Muslim women in sport

Muslim women who are keen on sports may exercise their passion as freely as other athletes, or they may not even be able to watch men play. It has more to do with which country they live in than their religion.
That was the conclusion left by a symposium called The Role of Sport in Resisting and Accommodating and in Remaking Muslim Women, which drew a small audience to the Hall Building’s seventh-floor dining room on March 28.
Concordia anthropologist Homa Hoodfar presented a paper on the Muslim Women's Olympics, which was held in Tehran in 1993, 1997, 2001 and 2005 with enthusiastic participation; in the most recent edition, the women came from nearly 40 countries. The alternative games were launched by a combination of athletes and those we would call feminists, women determined to regain a presence in public life that was lost in the 1979 revolution and the establishment of the Islamic Republic of Iran.

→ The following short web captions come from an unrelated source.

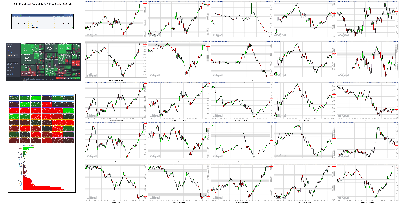 032822-TheStrategyLab-Key-Markets.png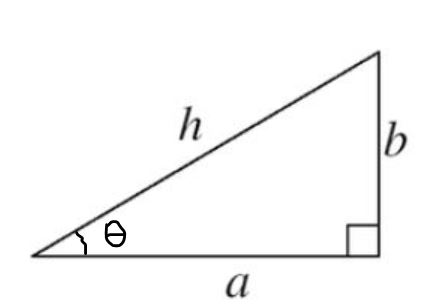 trigonometric ratios sin cos tan csc sec and cot - Year 8 - Quizizz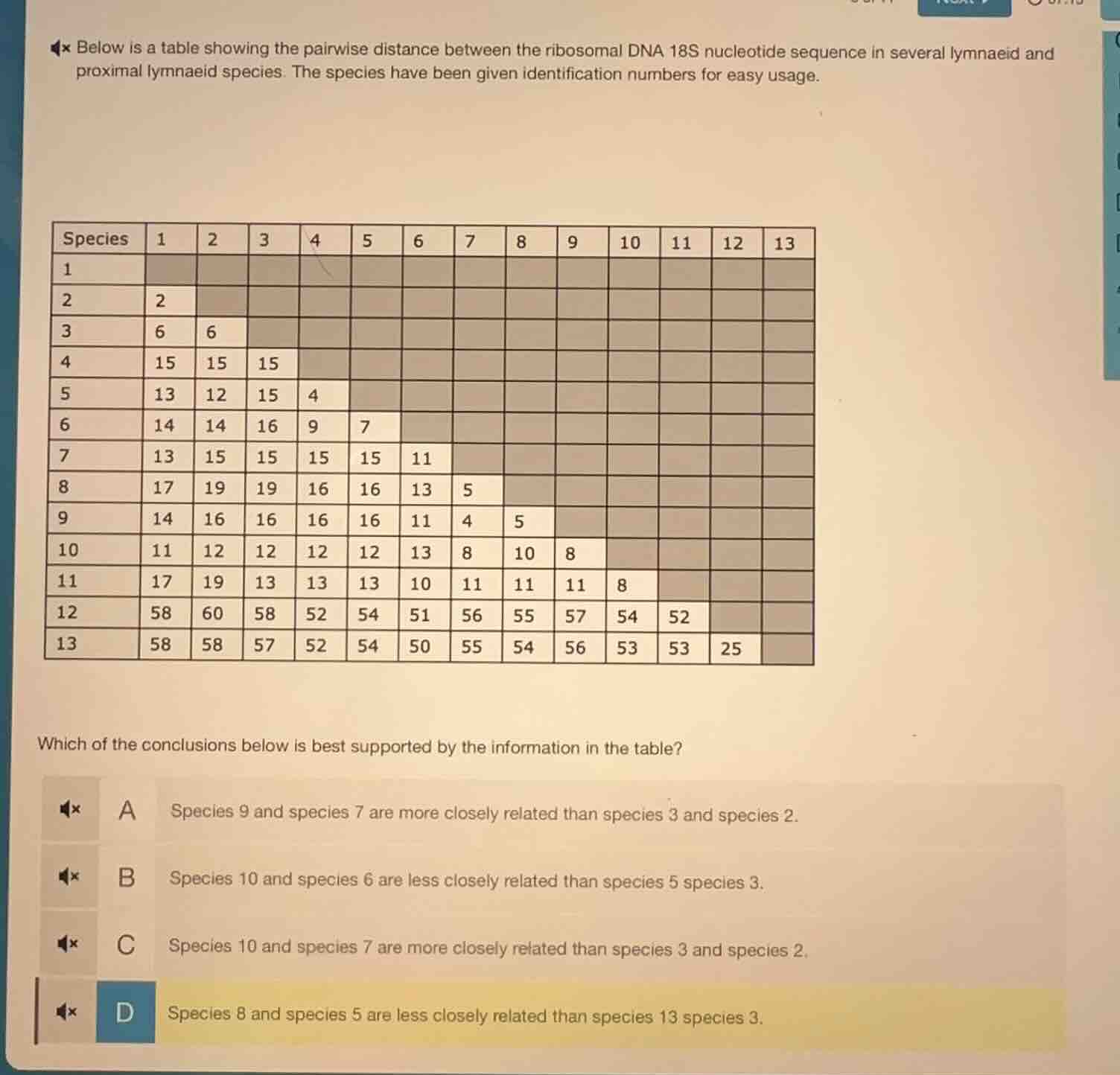 below is a table showing the pairwise distance between the ribosomal dn…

When Iran’s soccer team beat the U.S. team in the 1998 World Cup series, the nation was ecstatic. Football, always a passion, became a focus of fierce national pride. Yet in Iran’s theocratic regime, women can’t even attend men’s games.
Nasrin Afzali, from the University of Tehran, said that as far as the mullahs are concerned, the gaze of women on men’s bodies appears to be just as dangerous as the reverse.
She described some of the subterfuges young women use to get into the ironically named Freedom Stadium to watch their brothers play and contest their exclusion from a major public venue. Girls have dressed as boys, a ploy so notorious that it became the plot of an Iranian movie.
Yoav Di-Capua, a scholar at the University of Texas at Austin, was unable to get to Concordia in person, but his paper, read on his behalf, told an entertaining story about an Egyptian aviatrix, as they used to be called.
Lutifa al-Nadi was the daughter of an effendi (upper-class) family in the 1930s. Egypt was run by the British then, and throughout Europe and the Americas, flying was all the rage. In fact, aviation was the pinnacle of technology, and embodied all that was dashing, modern, European and male — all that symbolically justified the colonization of Egypt.
Fascinated by the new sport, Lutifa hung out at Cairo’s elite aviation club, taking flying lessons on the sly and volunteering on the club’s telephone switchboard to disguise her real intentions. When an intercity race between Cairo and Alexandria took place, guess who came first? Lutifa emerged from the cockpit, her face wreathed in smiles, and was mobbed by adoring fans of both sexes.
Two other papers presented at the symposium looked at Muslim women and sport.
Hana Askren is an award-winning wrestler and a Concordia PhD candidate. She reminded the audience that not so long ago, football was closed to women in the West. In many European countries and for members of the national women’s baseball team in the United States, players were required to wear makeup on the field, presumably to reassure spectators that they were real women. Sociologists call this “feminine apologetics”.
Martha Saavedra, of the University of California at Berkeley, has compiled data on women and sport in Senegal, Sudan and Nigeria.
She found that the restrictions justified by religion and culture vary in these countries, and even in the regions within them. They appear to have more to do with the political and ideological context than with the way people understand their religion.